Non che da un punto di vista tecnico la storia sia poi molto diversa. La rosa della Juventus Under 23 ha un valore, secondo i dati riportati dal sito specializzato Transfermarkt, di 7,78 milioni di euro. Solo il Monza, con 11,65, ha una quotazione maggiore, mentre la terza squadra, l’Alessandria, vale poco più della metà dei bianconeri con un totale di 4,65 milioni. E ancora: nella Juventus sono passati 11 stranieri, contro i 4 che hanno vestito le maglie di Alessandria, Siena, Novara, Renate e Gozzano, le più attente al mercato estero. Investimenti importanti che non sono stati tradotti in risultati sportivi. Al contrario, la seconda rosa più costosa del campionato è di una società che è riuscita ad accedere ai playoff come decima della classe. Un fallimento.
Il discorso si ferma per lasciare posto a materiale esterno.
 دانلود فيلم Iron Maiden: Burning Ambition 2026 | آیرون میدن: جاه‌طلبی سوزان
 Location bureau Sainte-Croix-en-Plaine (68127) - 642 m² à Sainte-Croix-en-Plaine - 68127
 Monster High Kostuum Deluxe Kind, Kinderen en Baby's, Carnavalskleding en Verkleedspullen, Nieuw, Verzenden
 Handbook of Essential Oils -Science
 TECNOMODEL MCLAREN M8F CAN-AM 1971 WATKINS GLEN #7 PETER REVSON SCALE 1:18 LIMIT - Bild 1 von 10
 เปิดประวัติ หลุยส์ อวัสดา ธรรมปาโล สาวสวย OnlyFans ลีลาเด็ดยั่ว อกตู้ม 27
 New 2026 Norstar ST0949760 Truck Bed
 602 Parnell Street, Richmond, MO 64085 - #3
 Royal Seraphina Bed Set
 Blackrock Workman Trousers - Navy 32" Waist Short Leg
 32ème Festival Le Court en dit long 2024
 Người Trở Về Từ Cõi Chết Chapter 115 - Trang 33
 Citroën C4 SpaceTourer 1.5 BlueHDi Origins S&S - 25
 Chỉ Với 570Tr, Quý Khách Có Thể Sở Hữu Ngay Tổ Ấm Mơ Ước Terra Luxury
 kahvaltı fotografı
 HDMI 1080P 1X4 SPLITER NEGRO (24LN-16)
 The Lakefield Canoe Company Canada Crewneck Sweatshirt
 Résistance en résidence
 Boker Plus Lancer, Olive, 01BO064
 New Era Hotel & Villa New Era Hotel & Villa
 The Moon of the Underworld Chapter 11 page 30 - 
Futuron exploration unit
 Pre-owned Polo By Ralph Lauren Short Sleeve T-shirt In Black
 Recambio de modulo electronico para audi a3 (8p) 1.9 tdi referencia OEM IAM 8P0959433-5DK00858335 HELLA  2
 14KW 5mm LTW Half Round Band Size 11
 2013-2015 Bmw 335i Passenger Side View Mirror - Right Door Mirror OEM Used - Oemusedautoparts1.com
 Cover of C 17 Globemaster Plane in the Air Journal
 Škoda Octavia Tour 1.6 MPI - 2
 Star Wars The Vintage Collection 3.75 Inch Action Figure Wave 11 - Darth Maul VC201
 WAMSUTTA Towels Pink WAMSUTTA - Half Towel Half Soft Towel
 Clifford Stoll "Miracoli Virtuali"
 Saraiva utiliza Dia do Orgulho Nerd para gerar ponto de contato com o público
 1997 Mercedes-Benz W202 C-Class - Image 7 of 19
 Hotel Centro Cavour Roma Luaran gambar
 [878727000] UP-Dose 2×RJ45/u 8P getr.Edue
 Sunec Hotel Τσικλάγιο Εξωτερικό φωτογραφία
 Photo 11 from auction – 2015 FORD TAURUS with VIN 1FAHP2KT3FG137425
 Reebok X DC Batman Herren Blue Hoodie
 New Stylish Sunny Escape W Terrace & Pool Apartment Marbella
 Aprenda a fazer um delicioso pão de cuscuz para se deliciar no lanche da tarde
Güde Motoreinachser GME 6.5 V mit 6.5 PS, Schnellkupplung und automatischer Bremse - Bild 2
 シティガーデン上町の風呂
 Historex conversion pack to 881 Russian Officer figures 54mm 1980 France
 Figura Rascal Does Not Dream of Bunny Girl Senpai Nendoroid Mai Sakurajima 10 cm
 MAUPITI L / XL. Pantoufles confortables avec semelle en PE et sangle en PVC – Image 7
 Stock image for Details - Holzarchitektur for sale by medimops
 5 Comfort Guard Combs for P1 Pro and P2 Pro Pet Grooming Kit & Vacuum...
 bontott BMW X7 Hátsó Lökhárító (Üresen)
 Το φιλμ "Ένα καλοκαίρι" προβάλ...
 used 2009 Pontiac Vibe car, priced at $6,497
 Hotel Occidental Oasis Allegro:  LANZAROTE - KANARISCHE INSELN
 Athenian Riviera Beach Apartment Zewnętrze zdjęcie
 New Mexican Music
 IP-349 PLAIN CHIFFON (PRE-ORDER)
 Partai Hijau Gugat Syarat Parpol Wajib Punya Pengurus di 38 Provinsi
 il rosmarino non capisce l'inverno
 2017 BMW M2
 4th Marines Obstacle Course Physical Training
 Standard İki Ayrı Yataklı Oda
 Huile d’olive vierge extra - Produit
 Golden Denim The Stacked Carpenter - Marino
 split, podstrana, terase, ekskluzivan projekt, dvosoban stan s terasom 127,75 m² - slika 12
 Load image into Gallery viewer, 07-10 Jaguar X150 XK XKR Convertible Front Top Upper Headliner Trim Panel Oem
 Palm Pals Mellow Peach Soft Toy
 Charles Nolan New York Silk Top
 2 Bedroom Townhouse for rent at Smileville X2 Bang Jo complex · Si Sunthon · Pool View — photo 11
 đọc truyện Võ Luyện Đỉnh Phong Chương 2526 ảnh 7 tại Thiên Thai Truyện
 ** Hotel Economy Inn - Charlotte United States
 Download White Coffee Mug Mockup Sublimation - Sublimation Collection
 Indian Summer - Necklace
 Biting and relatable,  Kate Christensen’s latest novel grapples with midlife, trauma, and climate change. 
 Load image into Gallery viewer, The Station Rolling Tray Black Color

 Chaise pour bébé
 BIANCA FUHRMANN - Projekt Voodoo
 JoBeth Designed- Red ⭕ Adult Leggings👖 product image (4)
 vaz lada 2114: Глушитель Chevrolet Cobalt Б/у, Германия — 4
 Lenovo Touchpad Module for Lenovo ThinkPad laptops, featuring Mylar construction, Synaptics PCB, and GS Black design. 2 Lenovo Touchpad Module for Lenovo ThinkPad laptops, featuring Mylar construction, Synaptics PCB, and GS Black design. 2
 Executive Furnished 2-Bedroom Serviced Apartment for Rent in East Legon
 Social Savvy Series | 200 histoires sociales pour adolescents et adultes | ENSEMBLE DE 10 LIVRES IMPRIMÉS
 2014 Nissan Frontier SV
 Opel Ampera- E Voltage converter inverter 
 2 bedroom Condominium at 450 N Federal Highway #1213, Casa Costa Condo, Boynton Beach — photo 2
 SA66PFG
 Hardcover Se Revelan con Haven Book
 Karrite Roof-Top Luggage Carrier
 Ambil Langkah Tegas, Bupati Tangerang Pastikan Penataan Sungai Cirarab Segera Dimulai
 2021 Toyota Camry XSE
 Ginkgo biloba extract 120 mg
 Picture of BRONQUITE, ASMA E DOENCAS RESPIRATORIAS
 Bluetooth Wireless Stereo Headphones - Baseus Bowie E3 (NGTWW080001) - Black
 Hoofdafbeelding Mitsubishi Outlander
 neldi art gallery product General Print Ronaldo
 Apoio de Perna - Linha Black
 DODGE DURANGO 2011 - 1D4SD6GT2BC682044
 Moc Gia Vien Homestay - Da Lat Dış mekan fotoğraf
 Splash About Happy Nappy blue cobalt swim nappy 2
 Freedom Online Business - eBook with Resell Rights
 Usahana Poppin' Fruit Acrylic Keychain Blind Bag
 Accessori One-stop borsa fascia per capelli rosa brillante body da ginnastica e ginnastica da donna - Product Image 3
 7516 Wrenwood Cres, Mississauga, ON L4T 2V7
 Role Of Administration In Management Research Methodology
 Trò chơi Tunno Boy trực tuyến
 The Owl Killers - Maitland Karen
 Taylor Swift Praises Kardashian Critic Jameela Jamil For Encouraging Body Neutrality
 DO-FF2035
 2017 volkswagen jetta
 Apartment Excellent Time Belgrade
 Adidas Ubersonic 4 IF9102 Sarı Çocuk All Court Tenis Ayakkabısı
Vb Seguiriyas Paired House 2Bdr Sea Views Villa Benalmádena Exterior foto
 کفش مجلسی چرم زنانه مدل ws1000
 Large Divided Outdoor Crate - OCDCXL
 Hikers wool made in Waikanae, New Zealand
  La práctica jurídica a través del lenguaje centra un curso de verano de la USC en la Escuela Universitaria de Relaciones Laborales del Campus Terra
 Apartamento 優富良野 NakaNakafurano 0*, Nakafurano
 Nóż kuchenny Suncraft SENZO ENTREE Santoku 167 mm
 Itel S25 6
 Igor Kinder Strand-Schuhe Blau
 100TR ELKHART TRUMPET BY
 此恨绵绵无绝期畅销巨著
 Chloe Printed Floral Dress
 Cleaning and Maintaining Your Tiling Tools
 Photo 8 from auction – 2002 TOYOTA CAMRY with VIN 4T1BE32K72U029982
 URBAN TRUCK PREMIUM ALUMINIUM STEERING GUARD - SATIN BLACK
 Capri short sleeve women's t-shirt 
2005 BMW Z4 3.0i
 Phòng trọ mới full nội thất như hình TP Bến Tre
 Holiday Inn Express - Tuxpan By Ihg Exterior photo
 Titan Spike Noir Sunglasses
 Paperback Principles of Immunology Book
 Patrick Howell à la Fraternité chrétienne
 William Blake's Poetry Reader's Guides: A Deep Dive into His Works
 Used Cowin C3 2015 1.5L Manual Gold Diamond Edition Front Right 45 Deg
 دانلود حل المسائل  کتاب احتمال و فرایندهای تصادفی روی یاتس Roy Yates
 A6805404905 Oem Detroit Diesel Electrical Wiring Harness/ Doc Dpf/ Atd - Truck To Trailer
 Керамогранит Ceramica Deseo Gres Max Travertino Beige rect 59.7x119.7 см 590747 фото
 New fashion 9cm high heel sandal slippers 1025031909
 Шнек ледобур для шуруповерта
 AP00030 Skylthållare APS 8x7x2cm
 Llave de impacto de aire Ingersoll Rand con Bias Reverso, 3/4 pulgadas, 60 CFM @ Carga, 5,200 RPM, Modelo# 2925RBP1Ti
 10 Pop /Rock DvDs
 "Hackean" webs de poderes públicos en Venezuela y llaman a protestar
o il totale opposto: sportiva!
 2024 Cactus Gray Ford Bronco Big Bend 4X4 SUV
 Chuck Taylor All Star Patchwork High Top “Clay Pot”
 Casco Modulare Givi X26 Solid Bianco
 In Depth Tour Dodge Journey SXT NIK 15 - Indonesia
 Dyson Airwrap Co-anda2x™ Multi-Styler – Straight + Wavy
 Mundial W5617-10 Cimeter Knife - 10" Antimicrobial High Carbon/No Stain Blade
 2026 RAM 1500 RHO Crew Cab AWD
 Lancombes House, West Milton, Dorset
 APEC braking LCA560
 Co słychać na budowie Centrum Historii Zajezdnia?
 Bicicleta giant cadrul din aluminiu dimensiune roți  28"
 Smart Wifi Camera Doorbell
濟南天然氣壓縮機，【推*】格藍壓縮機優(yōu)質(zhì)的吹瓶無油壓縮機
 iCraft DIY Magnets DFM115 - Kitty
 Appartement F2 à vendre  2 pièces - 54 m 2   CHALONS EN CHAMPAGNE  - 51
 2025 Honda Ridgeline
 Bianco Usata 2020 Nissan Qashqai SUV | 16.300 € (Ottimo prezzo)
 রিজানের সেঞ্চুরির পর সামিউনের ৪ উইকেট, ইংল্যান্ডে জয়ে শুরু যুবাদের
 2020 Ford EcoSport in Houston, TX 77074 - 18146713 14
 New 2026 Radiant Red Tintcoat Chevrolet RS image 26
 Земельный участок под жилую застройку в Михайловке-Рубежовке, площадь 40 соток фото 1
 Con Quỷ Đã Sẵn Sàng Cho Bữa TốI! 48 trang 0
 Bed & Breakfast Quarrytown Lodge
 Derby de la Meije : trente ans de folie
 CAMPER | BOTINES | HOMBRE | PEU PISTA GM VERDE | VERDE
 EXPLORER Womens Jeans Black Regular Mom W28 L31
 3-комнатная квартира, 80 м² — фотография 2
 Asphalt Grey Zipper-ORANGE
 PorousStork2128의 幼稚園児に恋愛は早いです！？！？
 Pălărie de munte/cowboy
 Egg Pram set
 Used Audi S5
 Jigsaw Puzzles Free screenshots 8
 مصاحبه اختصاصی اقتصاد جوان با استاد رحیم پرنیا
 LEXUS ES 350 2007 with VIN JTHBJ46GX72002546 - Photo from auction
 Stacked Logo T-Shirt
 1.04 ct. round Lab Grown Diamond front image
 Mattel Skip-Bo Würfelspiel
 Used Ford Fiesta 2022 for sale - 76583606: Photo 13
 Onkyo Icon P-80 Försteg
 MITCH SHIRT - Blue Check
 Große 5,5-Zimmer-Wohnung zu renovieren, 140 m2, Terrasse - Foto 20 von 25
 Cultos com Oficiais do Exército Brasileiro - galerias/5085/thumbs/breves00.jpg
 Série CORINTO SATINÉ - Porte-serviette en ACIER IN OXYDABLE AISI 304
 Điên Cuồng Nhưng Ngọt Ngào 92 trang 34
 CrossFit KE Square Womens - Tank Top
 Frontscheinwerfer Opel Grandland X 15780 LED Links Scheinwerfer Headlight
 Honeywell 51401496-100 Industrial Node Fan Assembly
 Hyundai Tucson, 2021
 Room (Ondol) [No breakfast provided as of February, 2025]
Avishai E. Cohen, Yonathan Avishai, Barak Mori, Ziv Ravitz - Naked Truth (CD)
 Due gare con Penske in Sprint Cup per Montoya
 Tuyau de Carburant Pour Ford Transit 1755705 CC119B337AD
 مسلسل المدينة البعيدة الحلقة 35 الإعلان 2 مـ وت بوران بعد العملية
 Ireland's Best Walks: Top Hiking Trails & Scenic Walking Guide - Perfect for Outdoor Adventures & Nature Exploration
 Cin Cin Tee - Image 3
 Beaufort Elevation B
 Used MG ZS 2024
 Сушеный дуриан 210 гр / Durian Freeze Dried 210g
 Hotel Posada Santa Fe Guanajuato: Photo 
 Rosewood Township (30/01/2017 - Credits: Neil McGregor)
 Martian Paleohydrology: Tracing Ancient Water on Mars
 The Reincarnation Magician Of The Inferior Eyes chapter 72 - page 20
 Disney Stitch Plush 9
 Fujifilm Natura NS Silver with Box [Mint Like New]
Più o meno come l’apporto tecnico dell’Under 23 alla prima squadra. Nelle prime 33 giornate di Serie A sono 9 i giocatori della Squadra B che sono riusciti a sedersi accanto a Sarri: Marco Olivieri (11 panchine), Simone Muratore (10), Luca Coccolo (6), Wesley (5), Manolo Portanova (2), Giacono Vrioni (2), Luca Zanimacchia (1), Daouda Peters (1) e Han Kwang-song (1). E il loro apporto alla prima squadra è stato nullo.

Fra questi solo Muratore e Olivieri sono riusciti a mettere qualche minuto nelle gambe: il primo ha giocato 13’ contro il Bologna, mentre nella sfida contro il Milan si è dovuto accontentare di uno spezzone di recupero. Il secondo è sceso in campo per 7’ contro un Genoa già battuto. Un totale di 20’ giocati che non sembra discostarsi molto dai risultati ottenuti dalle care vecchie Primavera. Il dato più interessante, però, viene dal mercato trasferimenti. Come nota Pippo Russo, infatti, a gennaio la Juventus ha prelevato dal Barcellona B l’attaccante Alejandro Marqués, che con i blaugrana aveva un contratto in scadenza nel giugno 2020. Costo del trasferimento: 8,5 milioni di euro. Un acquisto che sembra destinato a cambiare le sorti della squadra ma che in bianconero gioca appena 127’ fra campionato, coppa e play-off. Contemporaneamente il 22enne brasiliano Matheus Pereira (arrivato alla Juve nel gennaio 2018 dal Bordeaux e poi prestato a Paranà e Digione) si trasferisce al Barça in prestito per 1,5 milioni. Un’operazione che ha consentito a entrambi i club di effettuare una plusvalenza. Così come sono diverse le operazioni portate a termine con il Pescara e il Parma, che hanno portato i club a iscrivere segni positivi nei rispettivi bilanci. Senza contare poi la cessione di Ahn all’Al Duhail per circa 7 milioni, dopo essere stato acquistato dal Cagliari un anno prima per 3,5 milioni. Sempre come riporta Russo, in questa stagione la Juventus B ha speso sul mercato 39,03 milioni di euro, più di una piccola di Serie A. E pensare che le altre 59 società iscritte alla Lega Pro hanno speso poco più di 3,5 milioni. Uno sforzo notevole al quale non hanno fatto seguito risultati sul campo. E fino a quando le Under 23 saranno limitate a una squadra sola, sarà difficile non parlare di fallimento.